In Emilia-Romagna “non possiamo tollerare” che si ceda il passo a “sovranismi e populismi”. E’ questo il monito lanciato in vista delle prossime elezioni regionali dalla Chiesa dell’Emilia-Romagna. Dai vescovi emiliano-romagnoli, guidati dal cardinale Matteo Zuppi, arriva un appello alla partecipazione e a un “discernimento sociale e una scelta coerente”.

Fra i punti evidenziati dai vescovi, il primo è dedicato al fatto che “l’Europa è casa nostra“, per poi approfondire questioni di tipo più marcatamente sociale come, con un costante richiamo alla Carta Costituzionale, “l’attenzione ai poveri e pari opportunità: ogni forma di corporativismo, di esclusione sociale e dalla partecipazione attiva, ogni discriminazione di uomini e donne, italiani o immigrati, persone e famiglie, indebolisce il cammino e lo sviluppo regionale”.

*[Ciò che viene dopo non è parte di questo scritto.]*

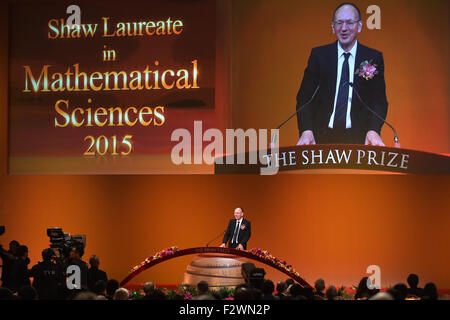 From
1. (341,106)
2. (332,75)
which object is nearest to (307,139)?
(341,106)

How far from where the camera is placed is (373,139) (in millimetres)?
8828

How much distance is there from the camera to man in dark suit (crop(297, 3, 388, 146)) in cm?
888

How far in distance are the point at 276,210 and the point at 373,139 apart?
6.07 feet

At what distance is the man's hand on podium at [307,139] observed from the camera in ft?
A: 29.4

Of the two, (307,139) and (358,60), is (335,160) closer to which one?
(307,139)

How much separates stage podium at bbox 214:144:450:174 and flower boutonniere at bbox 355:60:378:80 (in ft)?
3.60

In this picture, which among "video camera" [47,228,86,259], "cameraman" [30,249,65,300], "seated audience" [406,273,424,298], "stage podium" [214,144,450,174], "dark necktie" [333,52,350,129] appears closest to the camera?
"seated audience" [406,273,424,298]

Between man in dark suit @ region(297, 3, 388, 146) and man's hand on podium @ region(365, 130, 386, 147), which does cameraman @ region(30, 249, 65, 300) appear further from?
Result: man's hand on podium @ region(365, 130, 386, 147)

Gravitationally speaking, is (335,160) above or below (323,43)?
below

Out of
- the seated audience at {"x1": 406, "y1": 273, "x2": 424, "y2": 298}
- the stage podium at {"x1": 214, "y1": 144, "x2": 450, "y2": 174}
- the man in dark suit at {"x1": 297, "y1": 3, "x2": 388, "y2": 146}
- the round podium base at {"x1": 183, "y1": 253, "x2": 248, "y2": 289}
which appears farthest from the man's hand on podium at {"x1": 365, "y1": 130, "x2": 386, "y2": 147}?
the seated audience at {"x1": 406, "y1": 273, "x2": 424, "y2": 298}

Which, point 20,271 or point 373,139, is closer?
point 20,271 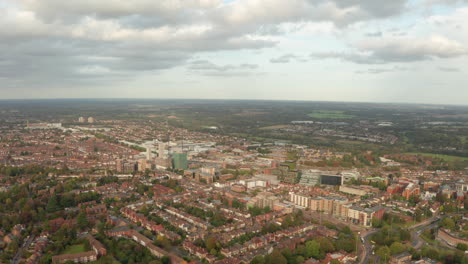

“Le prossime elezioni regionali in Emilia-Romagna sono un’occasione importante perché la Democrazia nel nostro Paese, che si realizza nei cammini e nelle scelte anche regionali, non venga umiliata e disattesa e i principi costituzionali ritrovino nelle nostre terre forme rinnovate di espressione e persone, delle diverse appartenenze politiche, impegnate a salvaguardarli, sempre”. E’ il messaggio lanciato dai vescovi delle 14 diocesi coinvolte.

L’impegno in vista delle regionali del 26 gennaio “deve essere accompagnato nella campagna elettorale da un linguaggio, libero da offese e falsità, concreto nelle proposte, rispettoso delle persone e delle diverse idee politiche”.

Il testo completo del documento – scrive Repubblica –   è pubblicato sul nuovo portale della Chiesa di Bologna.